▶ _WHAT YOU HAVE TO DO_: Retype the records word for word. Skip every image.

▶ _DATA EXCERPTS_:
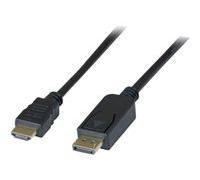 DP1.2 vers HDMI1.4 noir - 2m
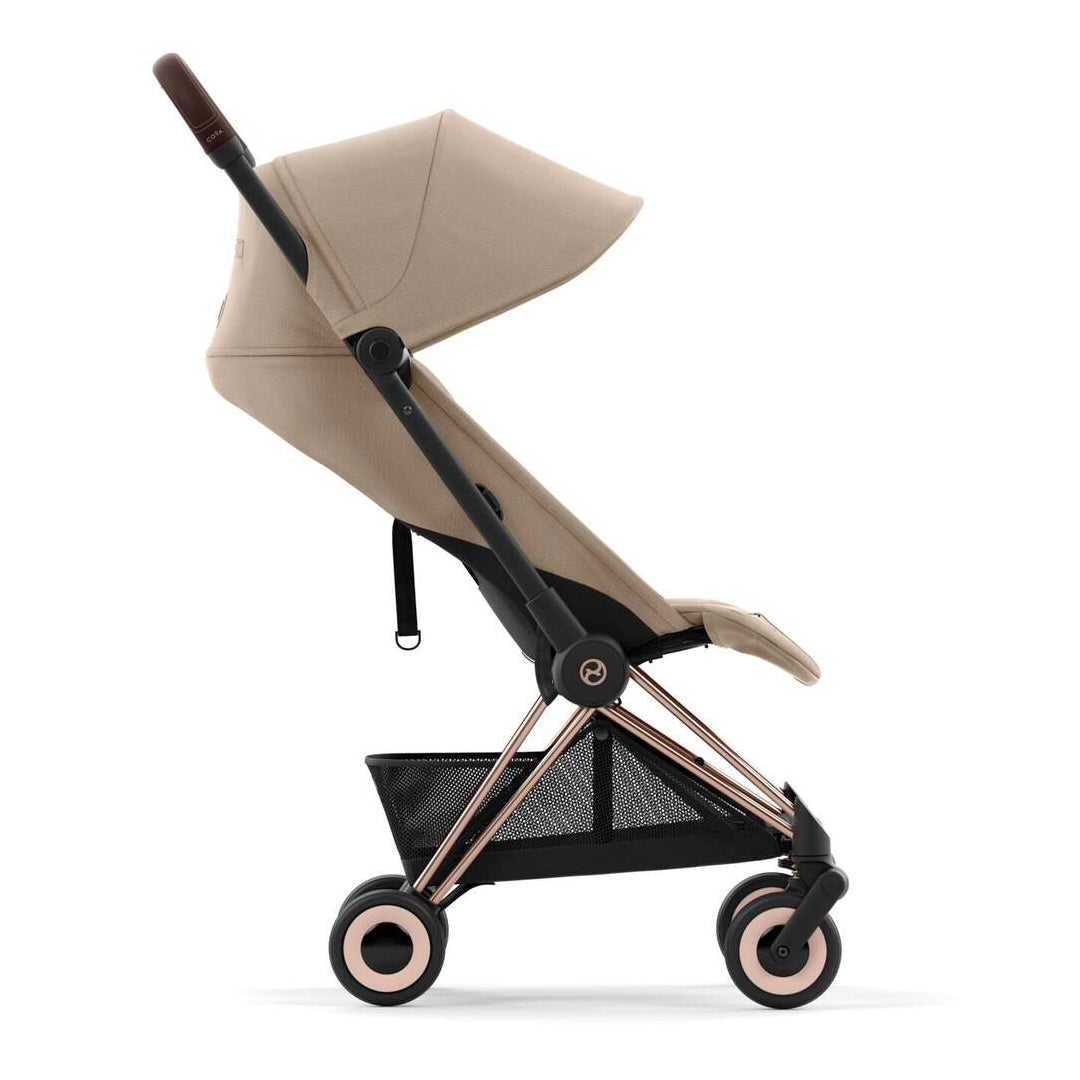 Coche de Paseo Coya Cybex Rosegold Cozy Beige
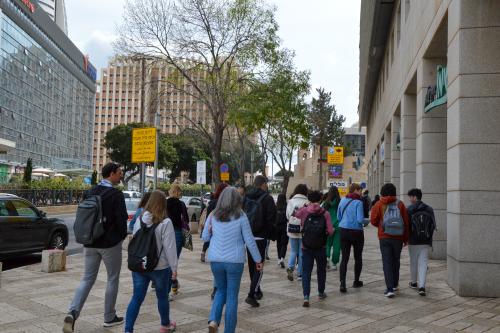 Exchange group in Haifa.&nbsp;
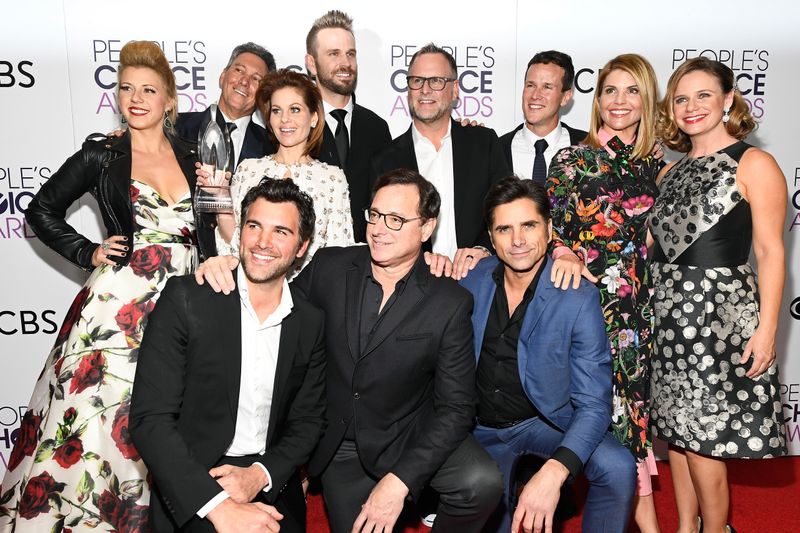 Der Cast von "Fuller House", die Fortsetzung der beliebten Sitcom "Full House".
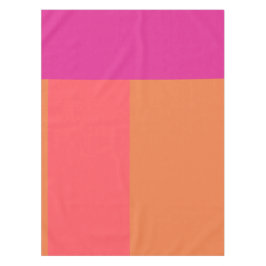 Hete roze en Oranje kleurenblokken Tafelkleed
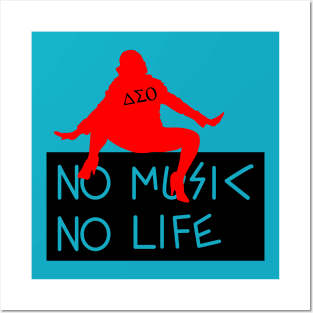 detta no musik no-life Posters and Art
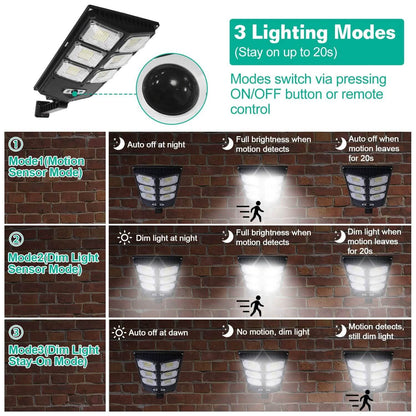 Solar Powered Wall Light Beads PIR Motion Sensor DailySale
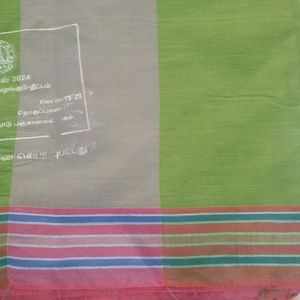 Brand New Cotton Blend Saree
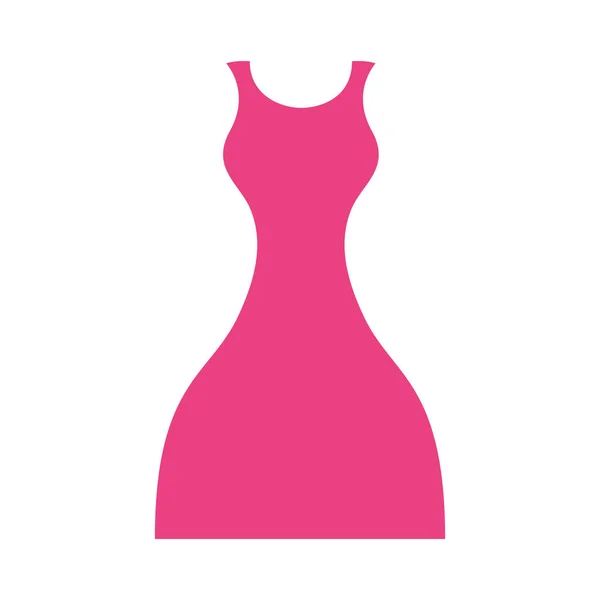 여성 드레스 고립 된 아이콘 — 스톡 벡터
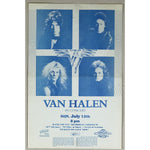 Van Halen 1981 Original Concert Poster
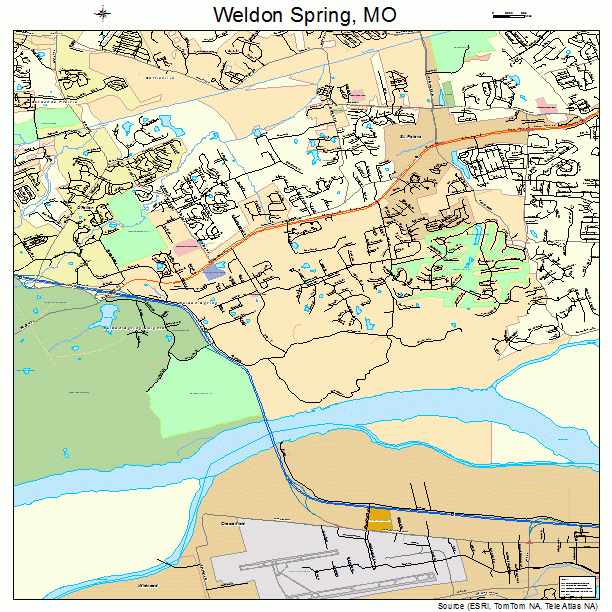 Weldon Spring, MO street map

▶ _WRITTEN ANSWER_:
 DP1.2 vers HDMI1.4 noir - 2m
 Coche de Paseo Coya Cybex Rosegold Cozy Beige
 Exchange group in Haifa.&nbsp;
 Der Cast von "Fuller House", die Fortsetzung der beliebten Sitcom "Full House".
 Hete roze en Oranje kleurenblokken Tafelkleed
 detta no musik no-life Posters and Art
 Solar Powered Wall Light Beads PIR Motion Sensor DailySale
 Brand New Cotton Blend Saree
 여성 드레스 고립 된 아이콘 — 스톡 벡터
 Van Halen 1981 Original Concert Poster
 Weldon Spring, MO street map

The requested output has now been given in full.